Neste sentido, como dizíamos acima, no caso angolano onde o partido no Governo é parte interessada e protagonista na maior parte dos eventos de violência política incluídos na CIVICOP, teria sido fundamental para a instauração de uma noção de “verdade” a instauração de uma comissão especializada independente e não sujeita aos critérios do governo angolano, sob a alçada do seu Ministério de Justiça e Direitos Humanos, cujo ministro até às eleições de agosto de 2022 (Francisco Queiroz) era ao mesmo tempo líder da CIVICOP.

Mas não foi isso o que aconteceu. Toda a informação publicada até agora é produzida e veiculada de forma parcial e manipulada pelo próprio Governo angolano. A falta de transparência na tomada de decisões, assim como a falta de rigor na metodologia, não permitem qualquer tipo de certeza no processo.

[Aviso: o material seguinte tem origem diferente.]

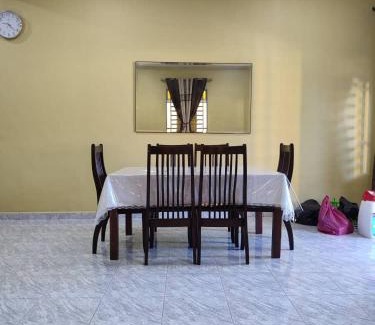 Kampung Sungai Duri House | homestay jalan baru sg duri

Portanto, numa altura em que não há clarificação nem transparência no processo, fica a dúvida: será a CIVICOP um verdadeiro processo de reconciliação, eventualmente bem-intencionado mas pejado de falta de rigor e profissionalismo? Ou será o CIVICOP uma encenação com objetivos políticos mais imediatos – nomeadamente a mise-en-scène duma política de transparência e diálogo, tendo em vista os compromissos diplomáticos internacionais do governo angolano, ou a eleição de agosto de 2022? Ou será ainda uma mera tentativa de controlo de resultados, de gestão da impunidade do MPLA e os seus integrantes? A resposta estará algures entre estas três perspetivas.